The required answer is every line of the data containing the word "dark".

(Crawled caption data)

--------------------------------

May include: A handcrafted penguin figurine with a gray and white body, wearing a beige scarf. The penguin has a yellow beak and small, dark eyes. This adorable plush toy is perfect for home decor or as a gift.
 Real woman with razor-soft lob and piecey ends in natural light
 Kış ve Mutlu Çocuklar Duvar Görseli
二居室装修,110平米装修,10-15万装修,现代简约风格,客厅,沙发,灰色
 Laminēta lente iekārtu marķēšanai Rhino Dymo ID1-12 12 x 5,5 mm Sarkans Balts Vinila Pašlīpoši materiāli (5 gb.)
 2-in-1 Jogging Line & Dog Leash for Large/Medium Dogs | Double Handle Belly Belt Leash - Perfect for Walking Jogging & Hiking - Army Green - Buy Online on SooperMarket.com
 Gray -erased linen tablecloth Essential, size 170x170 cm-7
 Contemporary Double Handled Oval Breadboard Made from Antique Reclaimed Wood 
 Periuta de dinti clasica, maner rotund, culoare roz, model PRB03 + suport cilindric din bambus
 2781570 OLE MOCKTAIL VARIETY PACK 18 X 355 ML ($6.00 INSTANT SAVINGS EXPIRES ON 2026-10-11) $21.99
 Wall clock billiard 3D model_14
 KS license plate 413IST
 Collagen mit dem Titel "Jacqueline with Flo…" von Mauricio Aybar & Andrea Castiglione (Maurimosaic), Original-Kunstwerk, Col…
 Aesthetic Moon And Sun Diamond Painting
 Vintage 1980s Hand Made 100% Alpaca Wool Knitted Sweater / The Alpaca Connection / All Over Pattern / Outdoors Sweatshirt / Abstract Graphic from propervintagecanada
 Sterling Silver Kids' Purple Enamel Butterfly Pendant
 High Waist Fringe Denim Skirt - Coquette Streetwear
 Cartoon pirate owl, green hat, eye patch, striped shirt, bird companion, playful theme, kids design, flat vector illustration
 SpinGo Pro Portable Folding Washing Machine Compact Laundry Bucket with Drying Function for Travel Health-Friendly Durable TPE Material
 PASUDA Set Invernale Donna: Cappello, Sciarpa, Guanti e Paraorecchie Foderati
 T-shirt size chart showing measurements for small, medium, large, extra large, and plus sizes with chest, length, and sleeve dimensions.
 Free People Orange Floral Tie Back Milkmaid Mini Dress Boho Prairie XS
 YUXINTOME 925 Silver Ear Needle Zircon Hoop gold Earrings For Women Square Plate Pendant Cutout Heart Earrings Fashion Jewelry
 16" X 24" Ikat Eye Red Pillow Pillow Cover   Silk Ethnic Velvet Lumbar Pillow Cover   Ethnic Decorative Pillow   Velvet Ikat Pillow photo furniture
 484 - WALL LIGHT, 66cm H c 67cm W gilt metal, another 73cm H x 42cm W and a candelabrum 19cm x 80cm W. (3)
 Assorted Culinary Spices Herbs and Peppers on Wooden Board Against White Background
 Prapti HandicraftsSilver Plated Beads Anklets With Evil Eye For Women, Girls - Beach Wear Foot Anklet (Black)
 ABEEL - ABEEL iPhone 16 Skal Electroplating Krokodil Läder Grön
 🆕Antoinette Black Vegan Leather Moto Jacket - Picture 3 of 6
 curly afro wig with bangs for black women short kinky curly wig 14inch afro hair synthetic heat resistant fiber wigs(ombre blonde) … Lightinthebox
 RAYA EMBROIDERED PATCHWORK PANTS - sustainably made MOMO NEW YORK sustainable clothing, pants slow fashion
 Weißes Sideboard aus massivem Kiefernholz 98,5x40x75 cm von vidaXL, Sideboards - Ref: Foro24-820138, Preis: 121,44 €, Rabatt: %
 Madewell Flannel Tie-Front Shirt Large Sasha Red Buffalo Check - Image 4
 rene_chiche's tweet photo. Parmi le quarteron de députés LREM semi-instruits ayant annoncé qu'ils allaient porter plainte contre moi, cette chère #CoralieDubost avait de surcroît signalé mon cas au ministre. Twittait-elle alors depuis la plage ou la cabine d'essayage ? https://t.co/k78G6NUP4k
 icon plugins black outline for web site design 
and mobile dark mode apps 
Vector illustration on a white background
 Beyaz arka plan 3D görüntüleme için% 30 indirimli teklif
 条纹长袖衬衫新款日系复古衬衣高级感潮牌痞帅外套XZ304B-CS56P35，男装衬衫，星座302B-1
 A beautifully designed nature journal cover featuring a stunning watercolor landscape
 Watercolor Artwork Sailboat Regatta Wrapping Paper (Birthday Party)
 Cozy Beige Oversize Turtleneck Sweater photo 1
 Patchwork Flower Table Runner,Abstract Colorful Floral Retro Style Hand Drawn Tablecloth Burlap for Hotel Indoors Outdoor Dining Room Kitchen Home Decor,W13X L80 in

--------------------------------

:: SOLUTION ::
May include: A handcrafted penguin figurine with a gray and white body, wearing a beige scarf. The penguin has a yellow beak and small, dark eyes. This adorable plush toy is perfect for home decor or as a gift.
and mobile dark mode apps 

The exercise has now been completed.